К одиннадцати часам беспокойство, затем крики, потом короткие перелеты камышевок, отступающих перед вторжением чужака от камышей к камышам, указали на его приближение. Почти тотчас же я узнала знакомые звуки: легкий плеск, от которого вздуваются водоросли и чмокает прибрежная тина, скапывание с выныривающих весел, шелест воды, раздвигаемой носом лодки, чье днище глухо стукается о затонувшие ветки. Наконец по краю ивняка, между гримасничающими кустами, свежеостриженными плетельщиками корзин, заскользили две тени.
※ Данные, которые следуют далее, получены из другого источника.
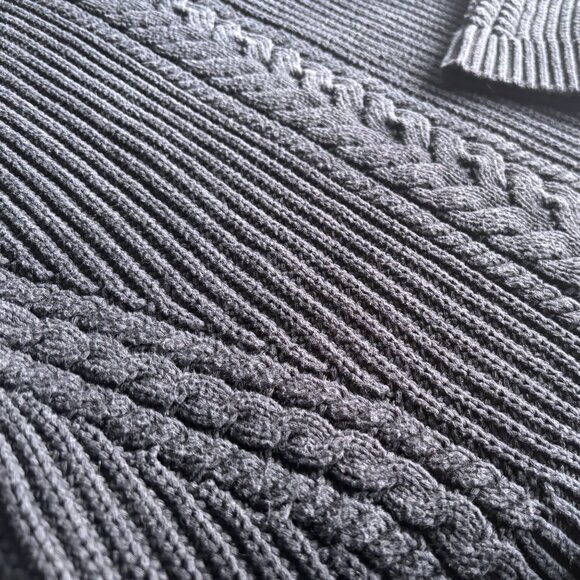 Lululemon Bring The Cozy Chunky Cotton Cable Knit Sweater, Black Turtleneck - Picture 12 of 16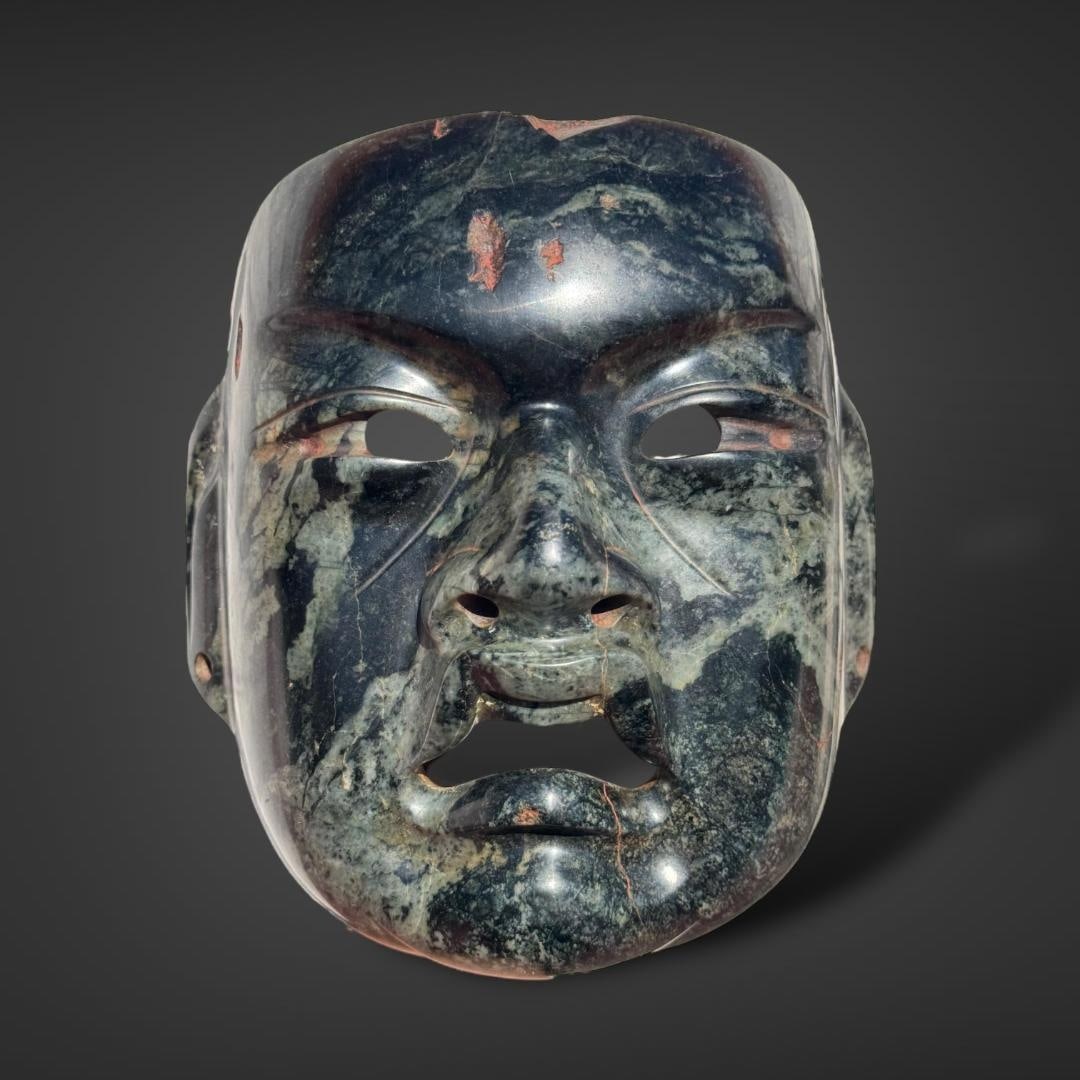 Pre-Columbian Olmec jade mask (1 of 4)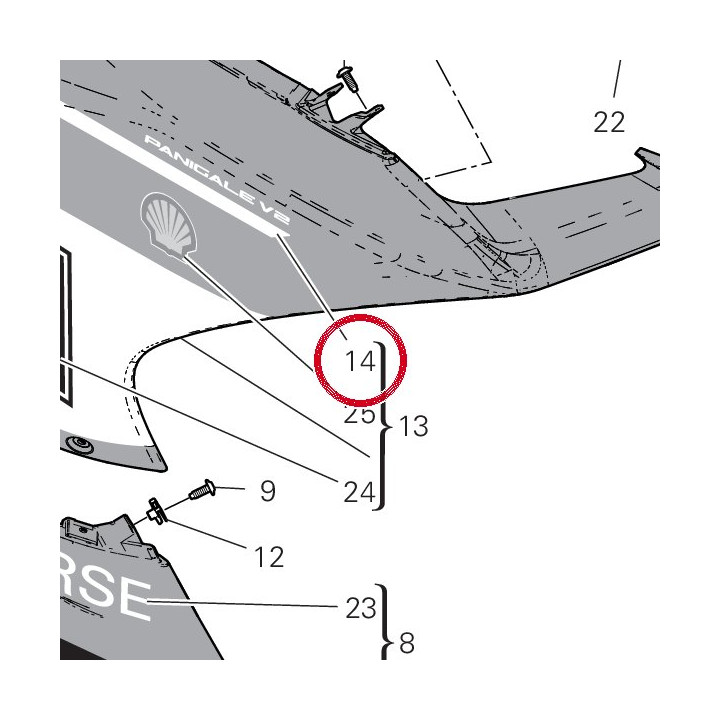 Decalcomanie Panigale V2 — réf. 4381G051A | Ducati Store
Двое, сказала я. Я была права. Дорога могла пылиться, а кусты на ней зеленеть! Нат и Берта, наблюдавшие за калиткой, никого не дождутся. Инстинкт, отправивший меня после того, как комнаты были прибраны, а платье мадмуазель Мартинель прострочено, на пригорок у рябины, откуда как на ладони видно все болото и то, что происходит в Мороке, меня не обманул. Из Бернери «они» наверняка отправились в Каркефу. Поскольку они, в общем, объявили нам о своей свадьбе — нам, дочерям, обязанным с этим смириться, — легко было догадаться, что они будут обязаны вежливенько сообщить сию новость господину напротив, не такому покладистому, который как раз проводил отпуск в своих владениях. И мама в сопровождении своего кавалера возвращалась по реке, в очередной раз вынужденной меня предать.

* * *

Давайте объяснимся. Морока, которую от нас отделяет Эрдра, ее торфяники, луга, изъеденные зарослями тростника, — в некотором роде зеркальное отражение Залуки: дом самцов, в котором живут двое мужчин — толстый Тенор и его Тенорино. То есть, я хочу сказать, мэтр Мелизе-старший, член совета правопорядка, и мэтр Мелизе-младший, в обиходе Морис, судейский, как и отец, и, как и он, адвокат нантской консервной промышленности.

— Ведет дела сардин, сахара и печенья! — говорила Натали, которая уже несколько месяцев в отместку не покупала бакалеи местных компаний.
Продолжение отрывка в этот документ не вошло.